PROBLEM TO WORK ON -> Reproduce, unchanged, the lines between the one holding "Le Relais Des Dentelles - Photo 1" and the last line of the records, including both ends, but no pictures.

AVAILABLE DATA ->
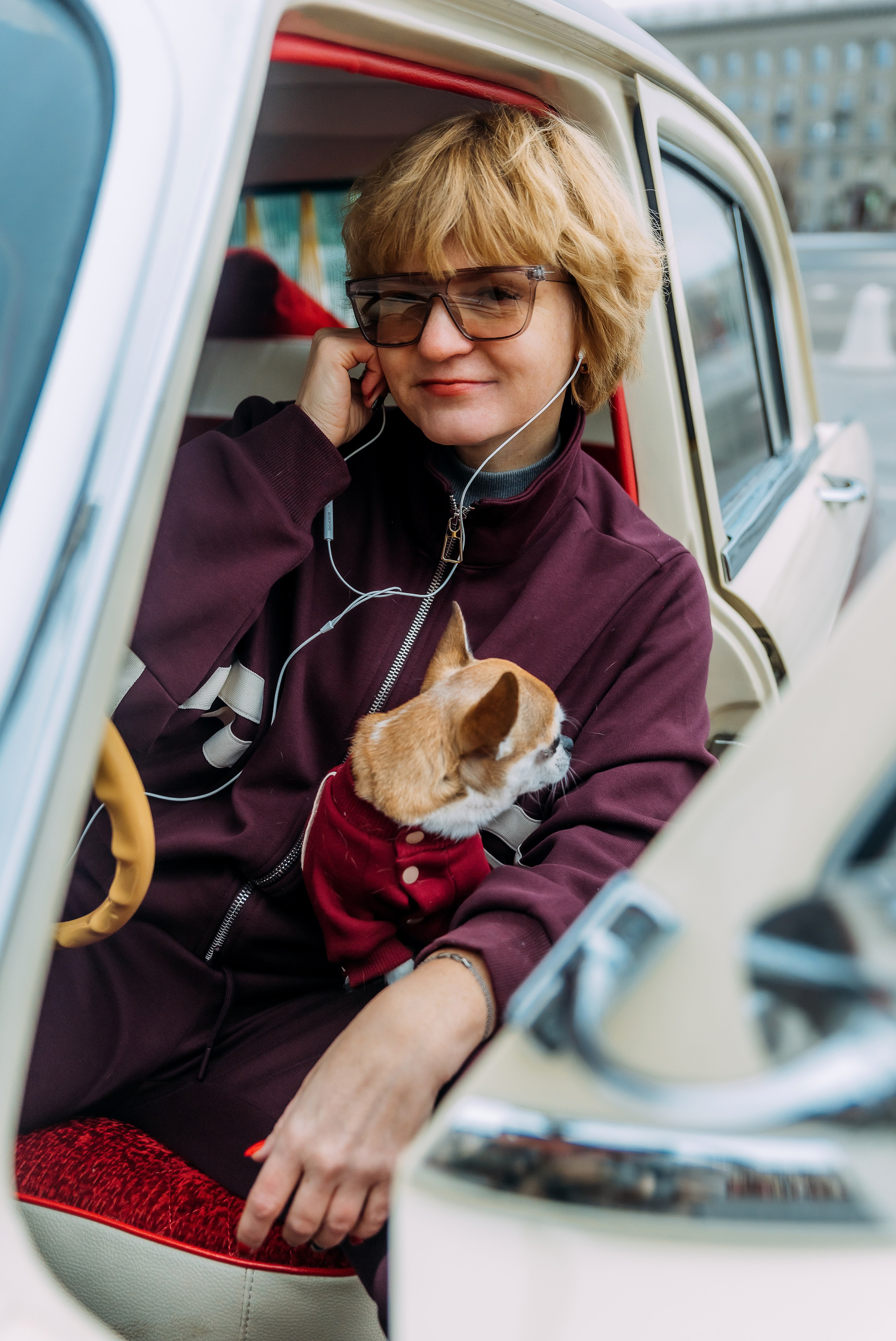 ЛЕНА и БРУНО. Ольга Козлова фотограф Волгоград olkiny-fotki.ru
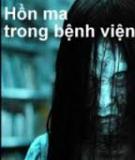 Hồn Ma Trong Bệnh viện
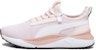 (Grade School) Puma Pacer Easy Street Kid 'Frosty Pink' Kanak-kanak Besar 384436-10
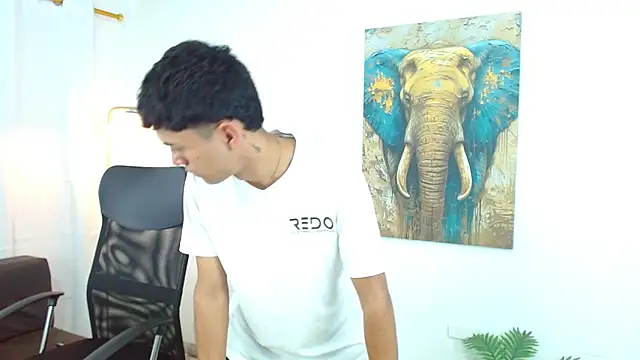 Alancum7 online show from October 2025 12:56:01 PM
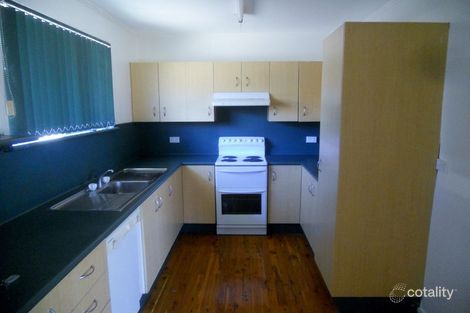 Property photo of 47 Pelican Road Townview QLD 4825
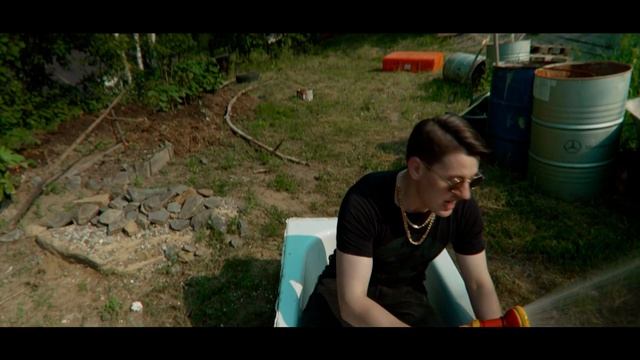 Паша Фанк - На чужой даче смотреть онлайн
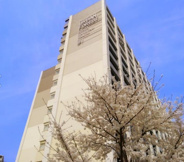 埼玉県朝霞市浜崎近辺の画像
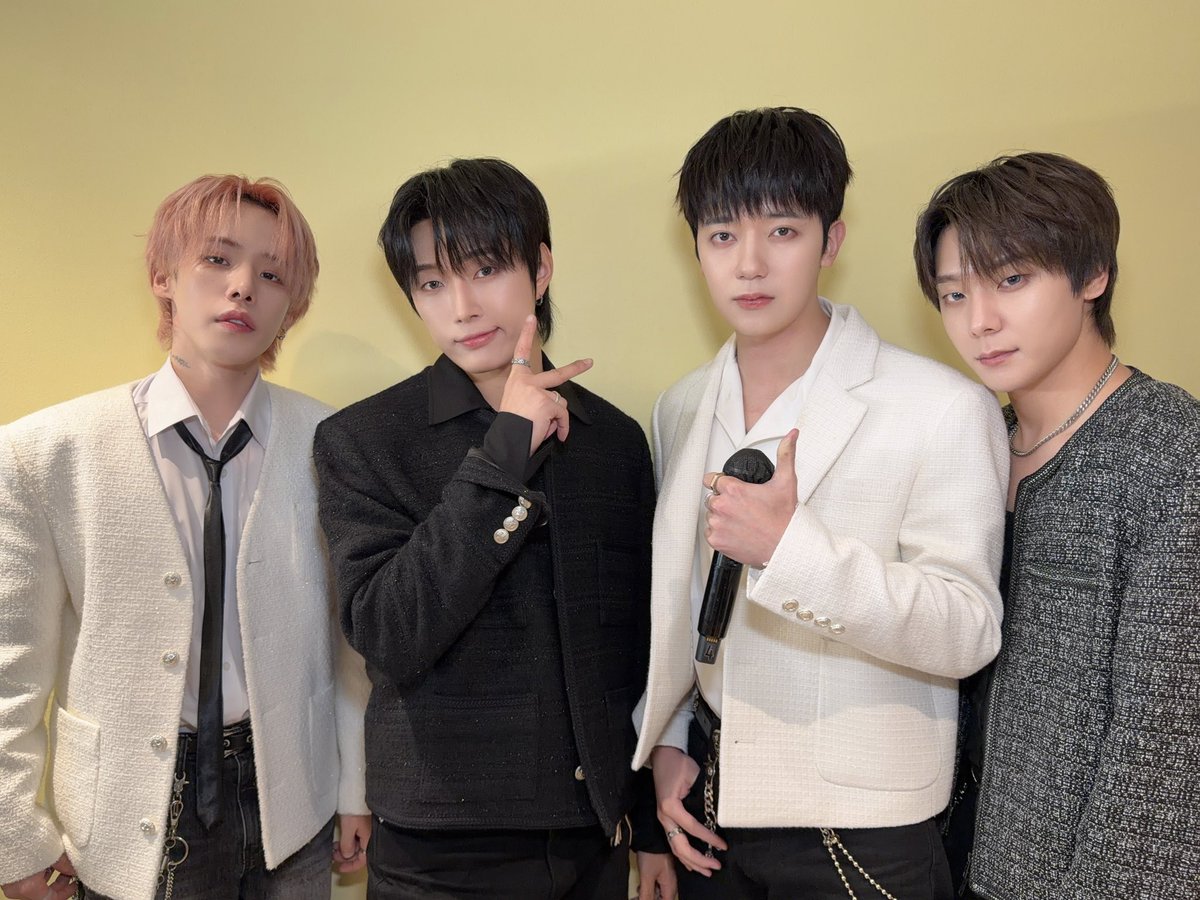 Shin__Yechan (@yechanchhor) / Posts / X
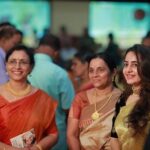 Bhama Instagram - Sree Moolam Club, Trivandrum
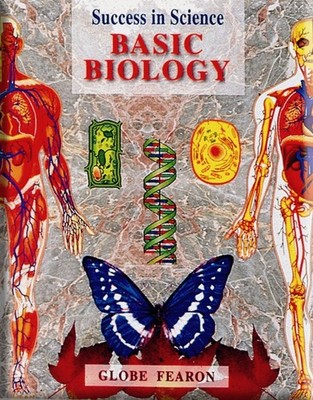 Success in Science: Basic Biology - paperback Levadi, Barbara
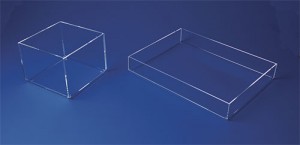 Bac rangement plexiglas - Devis sur Techni-Contact.com - 3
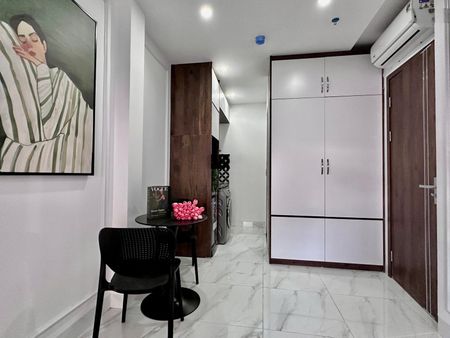 Cho thuê phòng gác xép tại Xã Đàn - Đống Đa giá 5tr2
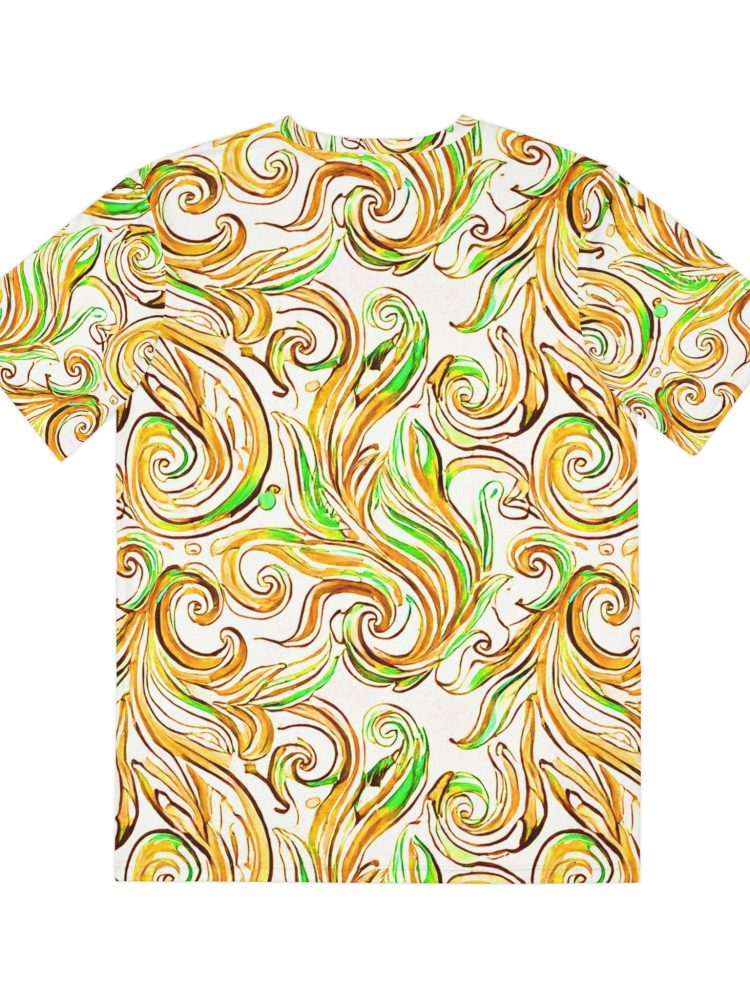 Men's Polyester Tee (AOP)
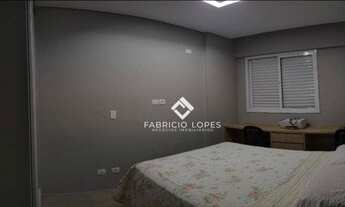 Imagem 5: Apartamento com 2 dormitórios à venda, 75 m² por R$ 710.000 - Jardim das Indústrias - São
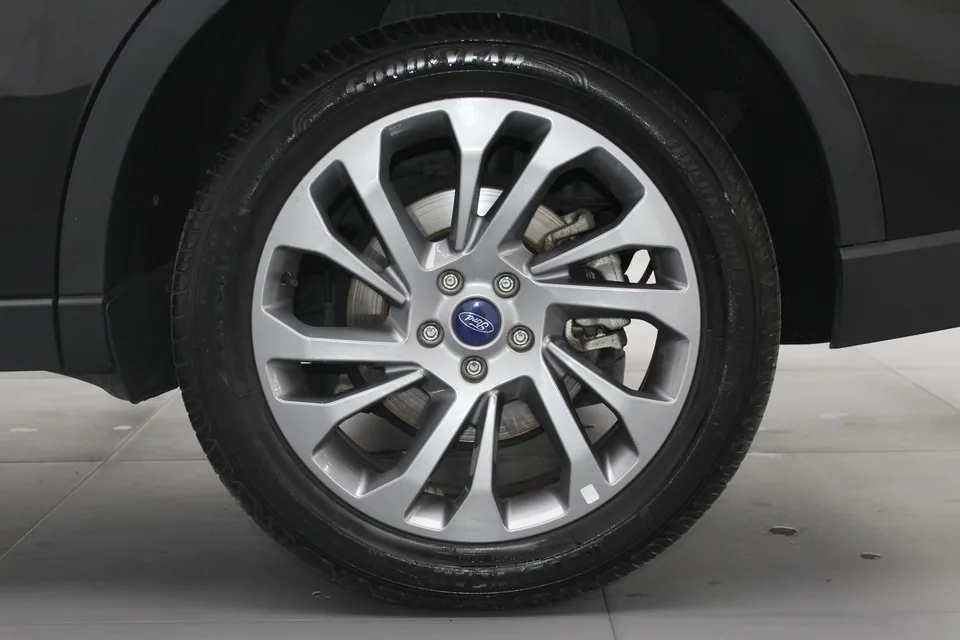 Ford Lingyu 2022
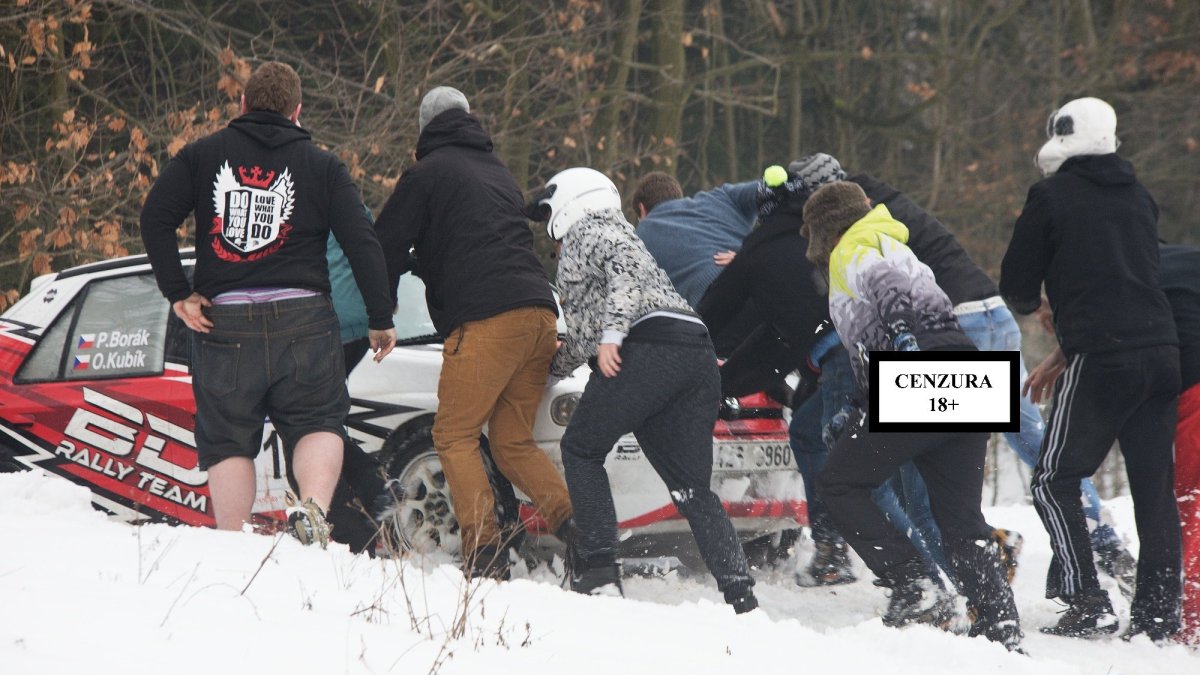 Ve stopě Valašské zimy (CZE)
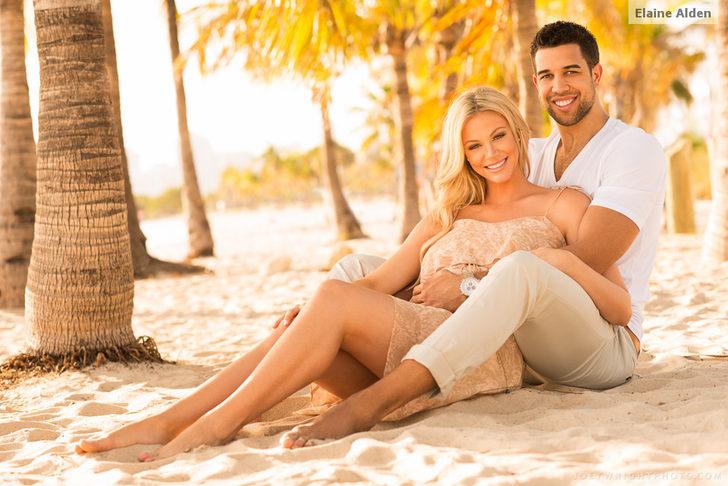 Elaine Alden'ın evliliği ilk günkü gibi G3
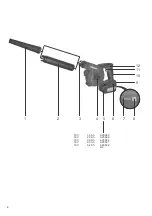 Preview for 2 page of Metabo AG 18 Original Instructions Manual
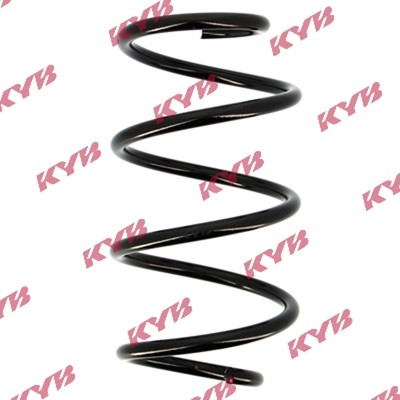 1x KYB Fahrwerksfeder K-Flex RA1289 für MINI CLUBMAN F54 Cooper One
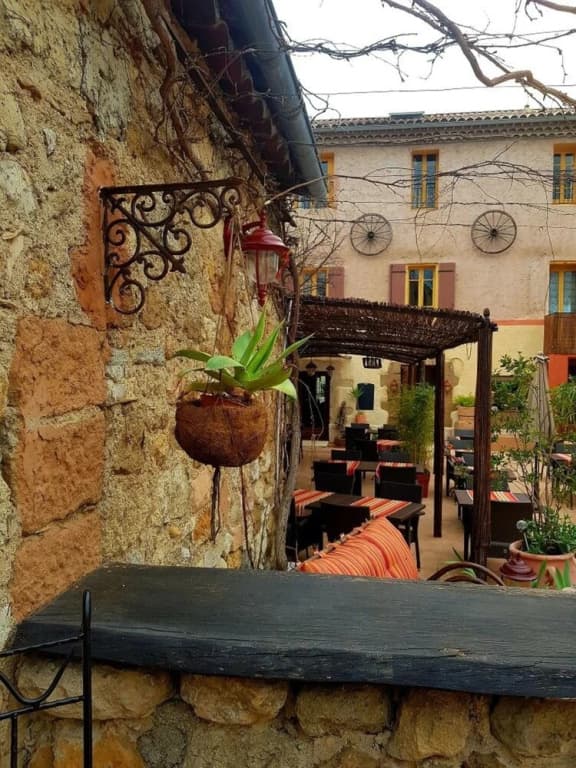 Le Relais Des Dentelles - Photo 1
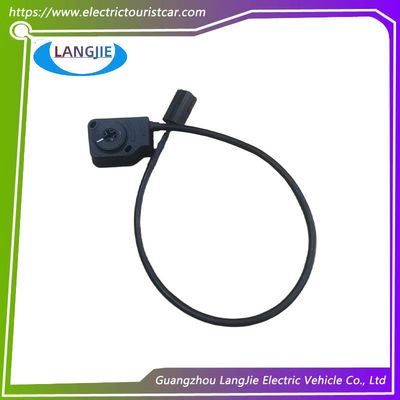Хорошая цена. Marshell Golf Cart Sensor Accessories Стенный угол рулевого колеса потенциометр онлайн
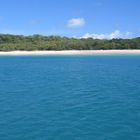 Whitesunday Island / Australia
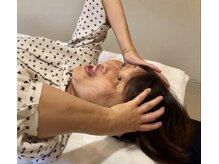 メハル(meharu)の雰囲気（皆さんの驚く表情がやりがいに繋がっています）
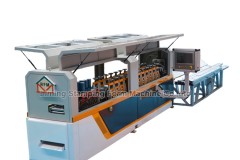 Light Gauge Steel Framing Machine manufacturer in china
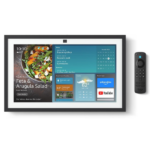 Parlante Amazon Echo Show 15 de 15.6″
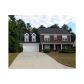 280 Wisteria Boulevard, Covington, GA 30016 ID:3065840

YOUR SOLUTION ->
 Le Relais Des Dentelles - Photo 1
Хорошая цена. Marshell Golf Cart Sensor Accessories Стенный угол рулевого колеса потенциометр онлайн
 Whitesunday Island / Australia
 メハル(meharu)の雰囲気（皆さんの驚く表情がやりがいに繋がっています）
 Light Gauge Steel Framing Machine manufacturer in china
 Parlante Amazon Echo Show 15 de 15.6″
 280 Wisteria Boulevard, Covington, GA 30016 ID:3065840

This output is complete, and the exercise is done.